Cornell East Asia Series partners with Cornell University Press
ITHACA, N.Y. – The Cornell East Asia Series (CEAS), the scholarly press of the East Asia Program, has joined Cornell University Press as a new imprint.
The partnership, effective July 1, will raise the visibility of scholarship in the East Asia Series, said Pedro Erber, director of the East Asia Program and associate professor of Romance studies.
Two examples of new covers for Cornell East Asia Series titles, in editions being published by Cornell University Press.
The series, housed in the East Asia Program since its inception in 1973, is an internationally known and award-winning scholarly press publishing scholarship by authors worldwide.

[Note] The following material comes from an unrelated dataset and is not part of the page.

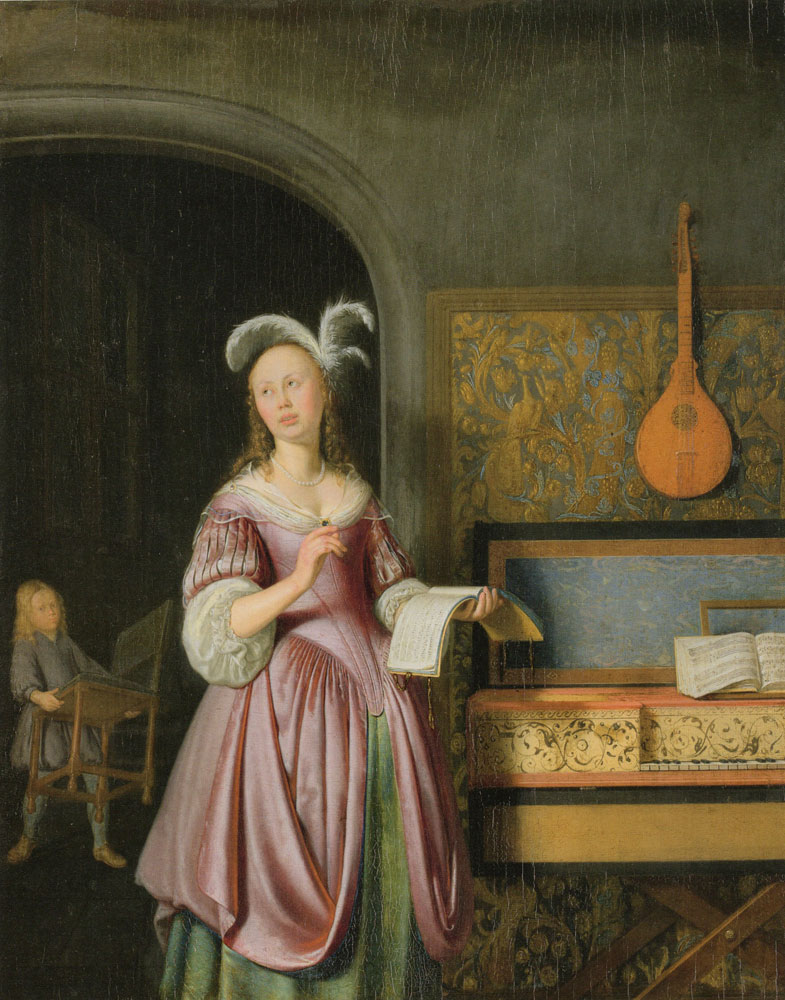 Pieter Cornelisz. van Slingelandt - A Lady Singing at a Clavichord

CEAS titles have included “Stateless Subjects: Chinese Martial Arts Literature and Postcolonial History,” “Deconstructing Nationality,” “Tosaka Jun: A Critical Reader,” “Rat Fire: Korean Stories from the Japanese Empire” and “What the Doctor Overheard: Dr. Leopold Müller’s Account of Music in Early Meiji Japan,” winner of the Society of Ethnomusicology’s 2018 Bruno Nettl Prize.
Founded by faculty who recognized the need to make specialized research widely available, CEAS has gained a reputation for quality scholarship in several fields in East Asia studies. It has published 200 volumes to date, and two dozen titles are available digitally for free from Cornell University Library.

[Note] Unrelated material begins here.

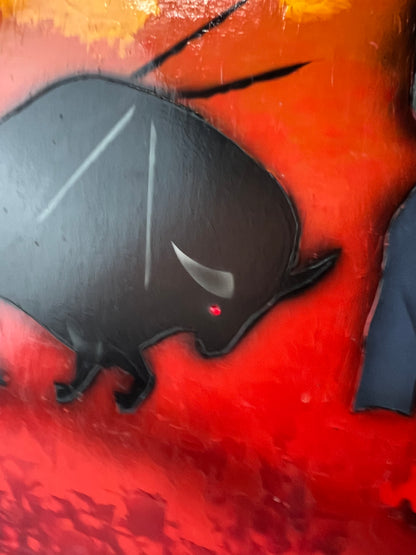 Neil Savage Australian Bullfighter Mural Painting – 1967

“This exciting merger will bring to our faculty and authors the publishing expertise of Cornell University Press and will give due recognition to the high-quality work of CEAS,” Erber said.
As a distinguished academic publisher, he added, Cornell University Press will offer East Asia Series authors a greater platform and bring their scholarship and the unique research of CEAS into conversation with a variety of fields and disciplines.
“This collaboration brings together CEAS’s distinguished list of scholarly works and translations of poetry and fiction with Cornell University Press’ innovative approaches to publishing, and will lead to new and exciting opportunities for both organizations,” said Mahinder Kingra, CUP editor-in-chief.
Cornell University Press and Northern Illinois University Press (NIUP) have also announced a new collaborative imprint effective July 1. NIUP joins the East Asia Series and established CUP imprints such as Industrial and Labor Relations (ILR) Press, Southeast Asian Studies Publications, Comstock Publishing and Three Hills.
With more than 600 titles in print, NIUP publishes approximately 20 titles a year in its Slavic, Orthodox Christian and Southeast Asian series, along with titles in other subject areas. NIUP will retain an acquisitions editor and a faculty press board for its titles, and CUP will handle editing, production, design, marketing, distribution and sales.
“This collaboration provides a sustainable model for university press scholarship going forward,” said Gerald Beasley, the Carl A. Kroch University Librarian. “CUP is celebrating its 150th anniversary this year, and through this arrangement will further strengthen its leadership position in the advancement of reliable knowledge.”